Banana volumes coming out of the Dominican Republic are currently lower than usual, says Jose Bernard of Coopabando, a cooperative of small organic banana producers. “While our winters are not as cold as traditional winters can be, it is colder than usual for the Dominican Republic during this time of year. This has slowed down our production a bit and we are producing about 70-80% of our total capacity, which is 10-15% less than previous years,” Bernard says.
Strong market in Europe
The majority of the bananas from the Dominican Republic go to Europe. “For us at Coopabando, 80% of our production goes to France, and the other 20% goes to other markets mostly in northern Europe. For the Dominican Republic as a whole, the biggest markets are in UK, France and Germany,” Bernard explains.
The market in Europe is strong at the moment, according to Bernard. “Winter is always a high-demand time of year for the bananas.

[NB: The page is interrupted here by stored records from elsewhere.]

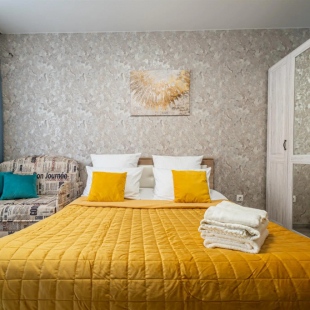 Фотография квартиры Добрые сутки на улице Пирогова 5А корпус 6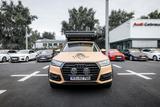 Audi Q7 45 TDI qu. Dakar Edition 1 of 1 Offroad Umbau - Audi Q7 in Herne
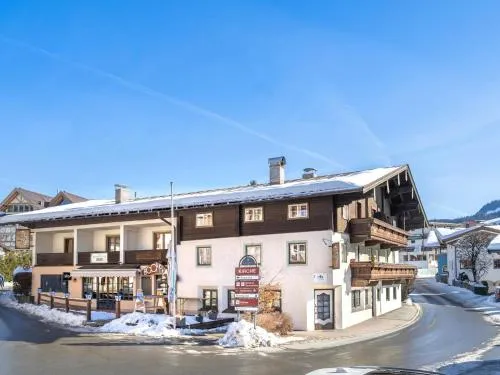 Gaisberg Alpin in Kirchberg in Tirol, Österreich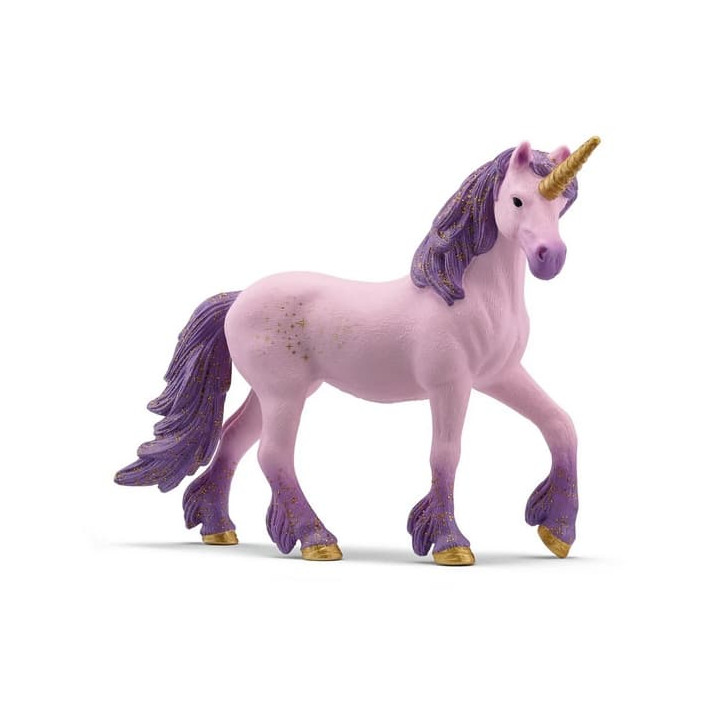 Schleich 70892 Klisna jednorožce Seraphina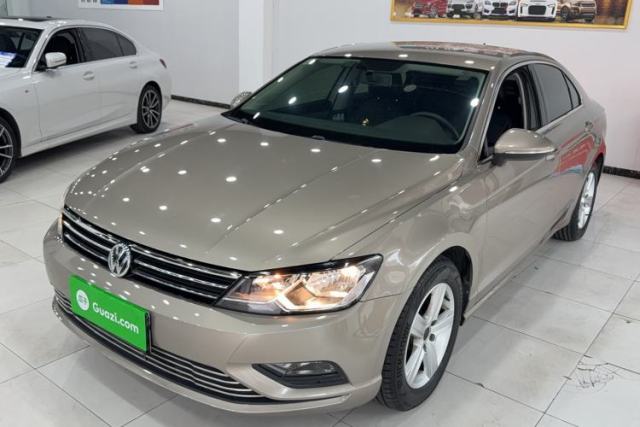 Used Volkswagen Lamando 2015 230TSI DSG Fashion Edition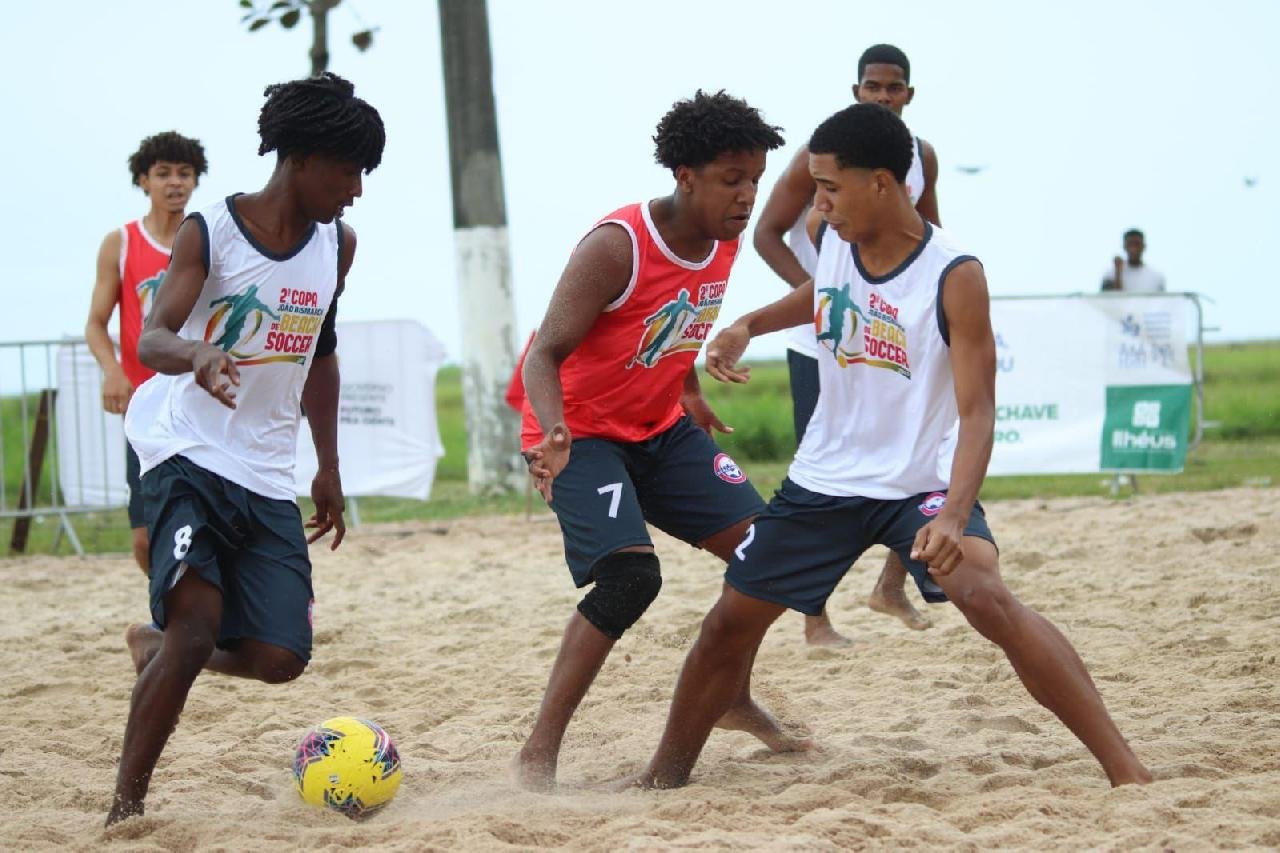 ILHÉUS RECEBE GRANDES EVENTOS ESPORTIVOS COM APOIO DA PREFEITURA ILHÉUS RECEBE GRANDES EVENTOS ESPORTIVOS COM APOIO DA PREFEITURA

Since production is down a bit, we are selling out everything we produce. But I am a bit concerned about the upcoming summer season – when the volumes will increase and the demand goes down, the market will likely not stay at this favorable level it is at now,” he says.
In addition to the lower volumes out of the Dominican Republic due to the cold weather, Ecuador is also seeing lower volumes at the moment. “They have seen some bad weather recently. Since they are such an important producer, any changes in production volumes from Ecuador immediately have an impact on the global market and we have been feeling that too this year.”
Increased production costs but stable pricing hurts producers
Despite the strong market, Coopabando producers aren’t seeing any changes in pricing. “We sell on year-long contracts with set pricing, so changes in the market don’t affect the prices we receive,” says Bernard. Added to this is the fact the majority of the banana production in the Dominican Republic is organic, which always has different pricing trends than the rest of the market.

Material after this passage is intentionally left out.